Your answer should repeat exactly the lines from the one holding "this 288×216 image." through the end of the data, and it should contain no pictures.

- [Available data]
==*==

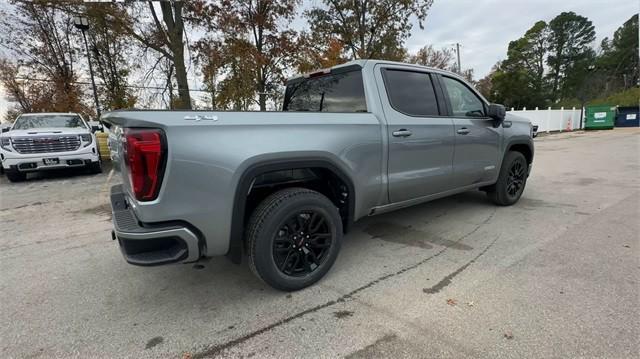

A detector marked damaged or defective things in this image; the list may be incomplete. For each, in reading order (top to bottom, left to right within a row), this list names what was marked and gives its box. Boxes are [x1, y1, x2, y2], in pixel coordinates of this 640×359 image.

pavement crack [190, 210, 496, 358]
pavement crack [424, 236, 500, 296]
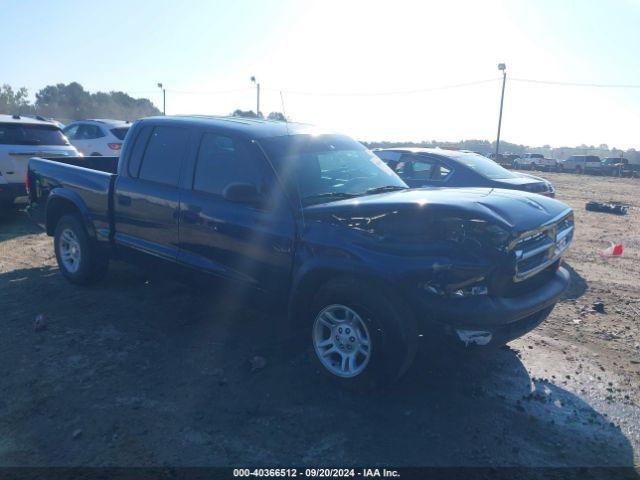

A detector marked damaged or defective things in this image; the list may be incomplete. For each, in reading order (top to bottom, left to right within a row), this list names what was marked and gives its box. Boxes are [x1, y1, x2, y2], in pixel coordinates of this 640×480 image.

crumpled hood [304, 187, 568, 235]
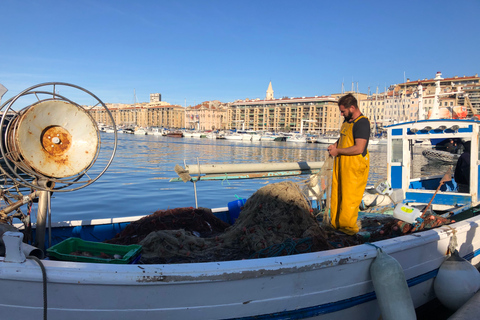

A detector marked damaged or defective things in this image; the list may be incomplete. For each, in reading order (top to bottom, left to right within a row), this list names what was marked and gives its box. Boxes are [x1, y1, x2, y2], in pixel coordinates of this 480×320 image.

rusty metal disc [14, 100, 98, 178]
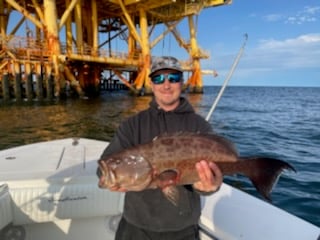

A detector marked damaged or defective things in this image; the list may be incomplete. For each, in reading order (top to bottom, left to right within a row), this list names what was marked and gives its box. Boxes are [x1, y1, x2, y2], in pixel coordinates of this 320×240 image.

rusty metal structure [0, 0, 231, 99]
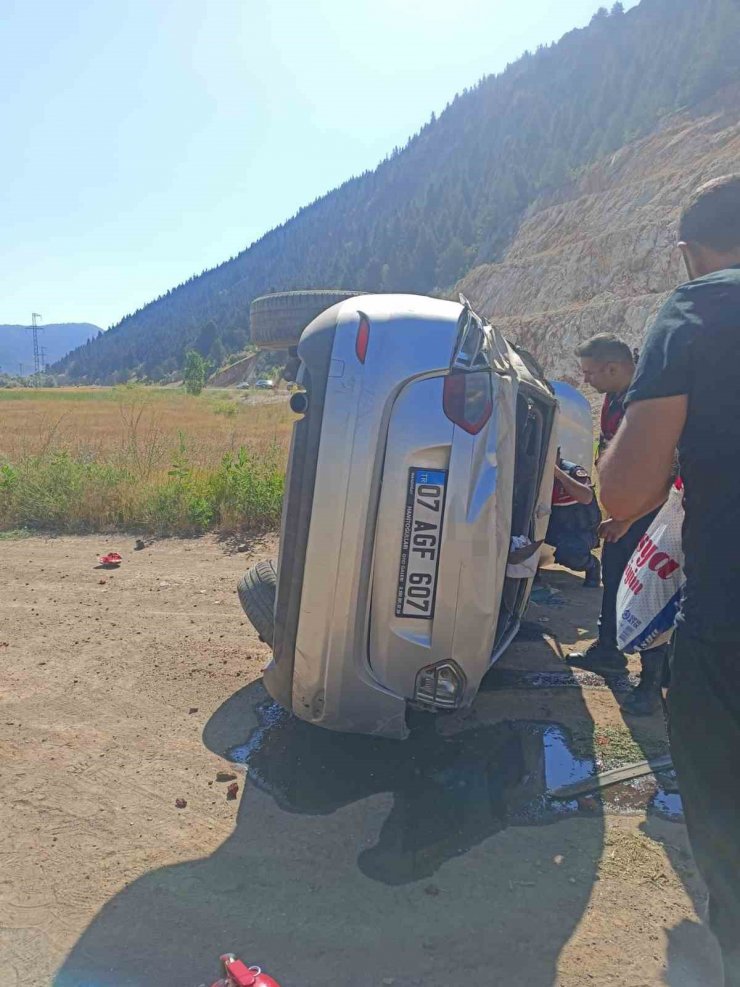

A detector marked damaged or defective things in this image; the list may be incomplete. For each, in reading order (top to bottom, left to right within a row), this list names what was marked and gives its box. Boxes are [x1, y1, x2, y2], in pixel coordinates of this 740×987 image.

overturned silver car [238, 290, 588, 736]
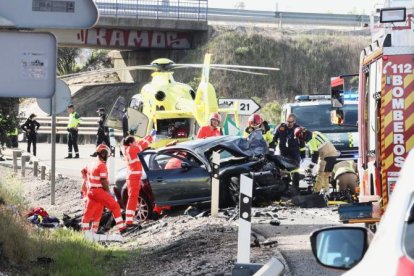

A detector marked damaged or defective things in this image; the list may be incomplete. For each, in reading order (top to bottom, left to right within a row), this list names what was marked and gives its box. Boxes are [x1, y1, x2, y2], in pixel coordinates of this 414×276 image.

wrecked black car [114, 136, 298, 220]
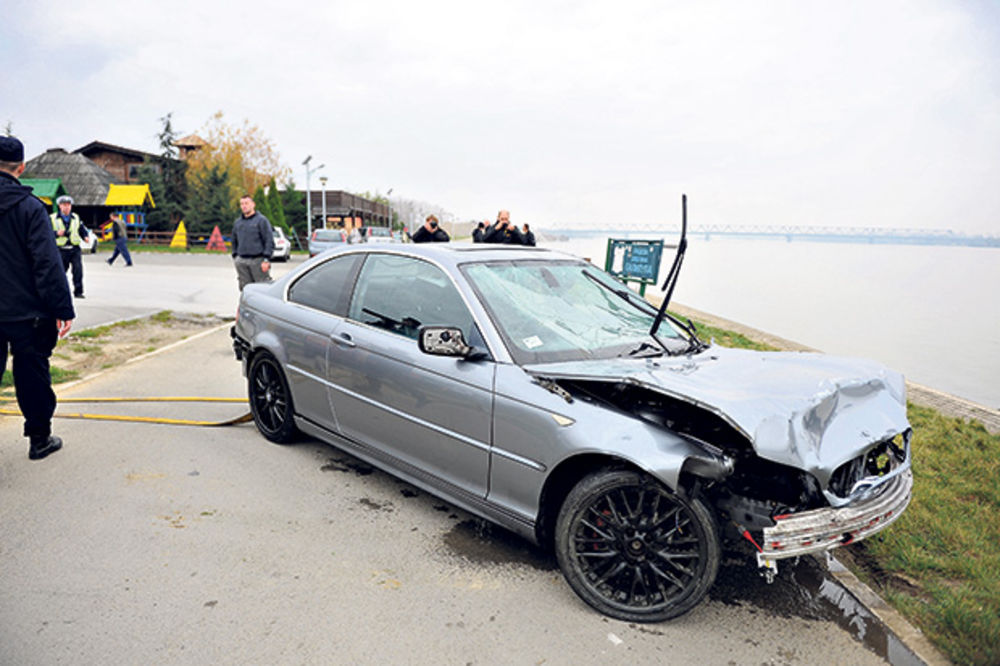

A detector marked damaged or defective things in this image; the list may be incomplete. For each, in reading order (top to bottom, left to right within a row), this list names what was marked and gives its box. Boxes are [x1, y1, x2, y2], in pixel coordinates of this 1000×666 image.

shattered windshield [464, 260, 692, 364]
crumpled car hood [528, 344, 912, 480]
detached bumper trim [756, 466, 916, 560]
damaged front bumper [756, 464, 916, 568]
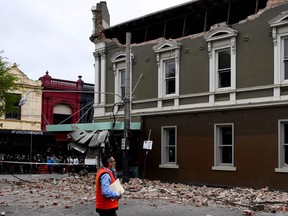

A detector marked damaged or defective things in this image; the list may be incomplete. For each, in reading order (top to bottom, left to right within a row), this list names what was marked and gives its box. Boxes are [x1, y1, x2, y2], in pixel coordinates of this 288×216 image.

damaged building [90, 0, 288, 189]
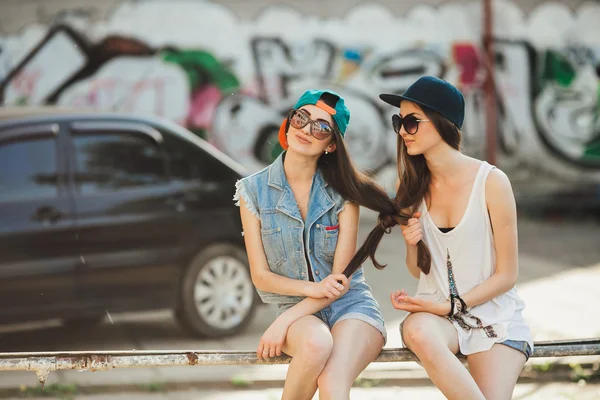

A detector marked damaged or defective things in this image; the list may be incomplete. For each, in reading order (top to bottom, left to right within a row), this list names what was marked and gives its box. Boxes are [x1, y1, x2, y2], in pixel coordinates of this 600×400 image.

==*==

- [Exercise solution]
A detector marked damaged or defective things in this image; the list may be incomplete. For each, in reading order (top to bottom, left to right within a row), this list names what was marked and gives its box. Boxes are [x1, y1, x2, y2], in pixel coordinates of this 288×216 image.

damaged building [90, 0, 288, 189]

A detector marked damaged or defective things in this image; the list may be incomplete. For each, in reading order (top to bottom, left to right within a row), this list names what was marked and gives its box. Boxes are [x1, y1, x2, y2], in pixel coordinates of this 600×400 image.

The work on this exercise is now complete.